Will the House of Windsor… fade to black?
As a life-long anti-monarchist, I must admit some delight in the recent discomfiture visited on Prince Andrew, the Duke of York, by his alleged trysts with a teenaged sex slave provided by billionaire pedophile Jeffrey Epstein.
One of my earliest memories is standing on a suburban Vancouver street corner with my mother, an ardent monarchist, waving a tiny Red Ensign as a police-escorted caravan of limos sped past. The windows were darkened, but apparently it was the Queen’s more interesting sister, Margaret, in town to help BC celebrate its centennial in 1958.
I didn’t understand the excitement. And a few years later I began grappling with the contradiction between democratic ideals and the fact that I couldn’t grow up to be king because I wasn’t born into the right family.
This confusion led fairly quickly to a bedrock conviction that being subject to a gang of hereditarily entitled toffs from another country just wasn’t on.
More recently, however, it’s becoming clear that the monarchy really doesn’t matter very much and that within my children’s lifetimes it will probably be lost to the slagheap of history.
But back to Randy Andy.
Given that the Queen/King of England remains nominally the sovereign of our country, two questions arise: “Where does this reprobate fall in the line of Royal succession? Could he ever become King of Canada?”

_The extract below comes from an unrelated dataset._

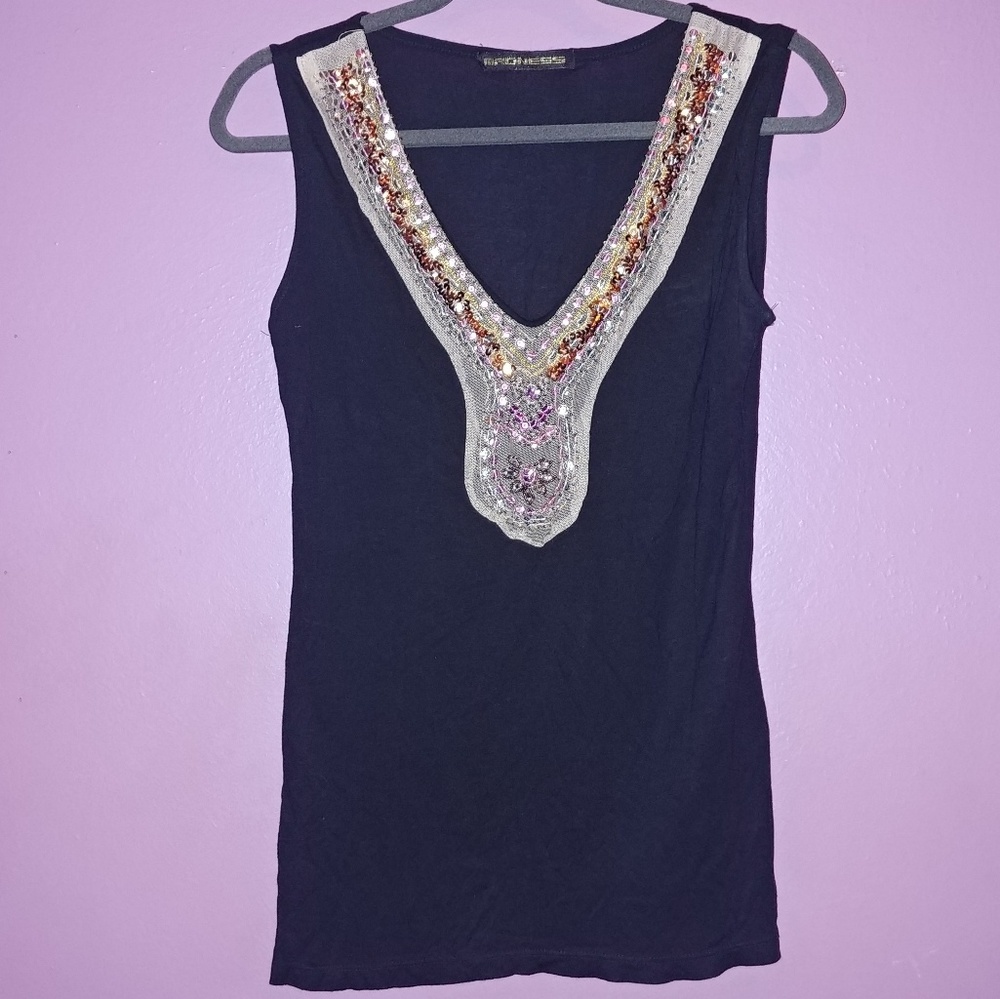 Madness Embellished Neck Top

Fortunately, it would take a Royal tragedy beyond Shakespearian proportions for Andrew to ascend to the throne.
When he was born, he was second in line, behind the Queen’s first born, Prince Charles. But through time and the arcane rules of succession, Andrew has dropped to eighth in the pecking order behind the progeny and grandchildren of Charles.
Next comes Prince William, the prematurely balding first-born son of Charles and the tragic Princess Diana, and husband of the vivacious Kate Middleton.

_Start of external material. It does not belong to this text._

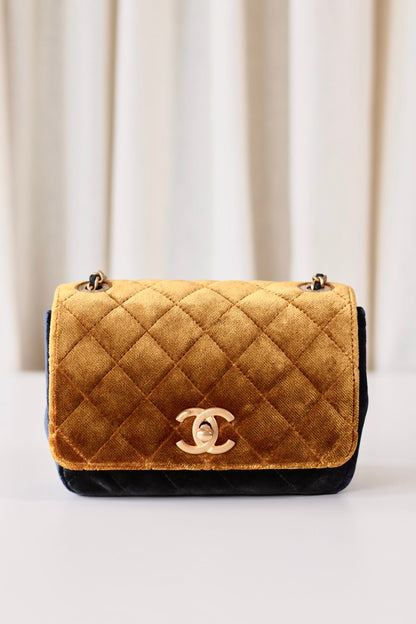 Chanel velvet single flap bag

(There is a school of thought that Queen Elizabeth might abdicate in the next few years and appoint the popular William to replace her, bypassing the fusty and wildly unpopular Charles. The palace, of course, denies any such plot is in the works.)
Then come William and Kate’s three kids, George, 6, Charlotte, 4, and Louis, 1.

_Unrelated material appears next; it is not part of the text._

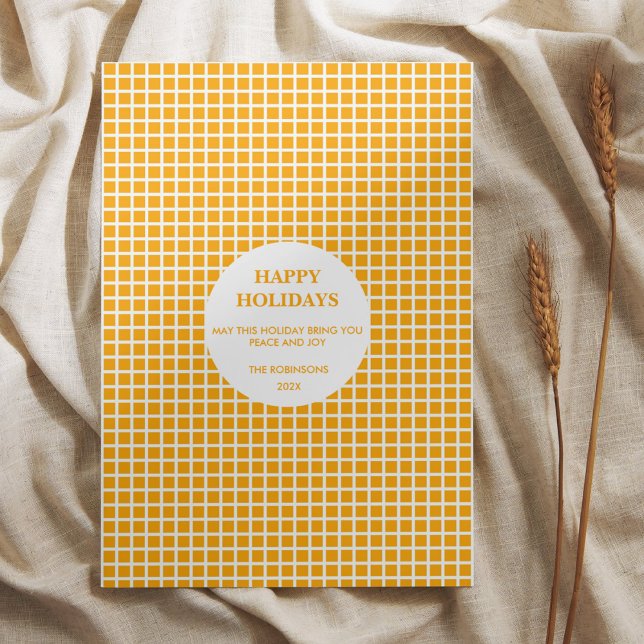 Feriado Feliz de Gingham, Xadrez Laranja e Branca (Criador carregado)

Coming it at number six is Elizabeth’s other grandson, Harry, the ginger-haired husband of toothsome American TV star Meagan Markle. Their son, Archie, is seventh in line.
Only then, way down at number eight, do we find Andrew. So, it seems a safe bet that he can continue to pursue his hobbies without fear of having to don the crown. And Canadians can breathe a sigh.
And it’s likely that a sigh or a yawn is all we’ll muster. Anti-monarchy ardour is at a low ebb these days. Even though most of us would just as soon see the monarchy stay in England and leave us alone, we really don’t care very much.
An Ispos poll at the end of 2016 found that more than half of Canadians think that when Elizabeth dies, the country should cut ties with the monarchy. About 61 per cent believe that the Queen and Royal Family should not have any formal role in Canadian society, as “the Royals are simply celebrities and nothing more.”
But, University of Waterloo poli-sci professor Emmett Macfarlane told Global News that even though Canadians aren’t crazy about the Royals, “I think if you ask people where this lines up on their list of priorities, or how important this is relative to things like our own domestic politics or issues such as health care or education, I suspect it’s really low on the list.”
The gradual waning of a Royal presence has been going on for decades.
One could argue it officially started with the replacement of the Red Ensign with Canada’s own Maple Leaf flag in 1965.
About a decade later then-PM Pierre Trudeau performed his purposefully disrespectful pirouette behind the back of the Queen, who was busily shaking hands in a receiving line.
Even the Royal face on our currency is slowly going away. She remains on our coins, but has been replaced by former prime ministers on all the folding money except the twenty.
There seems little reason to believe that the gradual erosion of Royal presence in Canada won’t continue, particularly after Elizabeth dies and passes the orb and sceptre to Charles or William or whomever.
(That could take a while, of course. The female Windsor’s are a hardy breed. The Queen Mother lived to 101 and, according to The Independent, Elizabeth, 94, follows the same daily regimen that begins with a stiff Dubonnet and gin in the late morning, wine with lunch, a martini before dinner and champagne with the evening meal.)
Once the succession occurs, let’s hope that governments at all levels simply take down the ubiquitous portraits of the Queen and not replace them. Or perhaps put up pictures of the Canadian Governor General.
Maybe her image on our coins can be replaced by profiles of Canadian artists or scientists or humanitarians.
And over a few decades perhaps a national consensus will emerge to allow a constitutional amendment to remove English royals completely from the fabric of the country.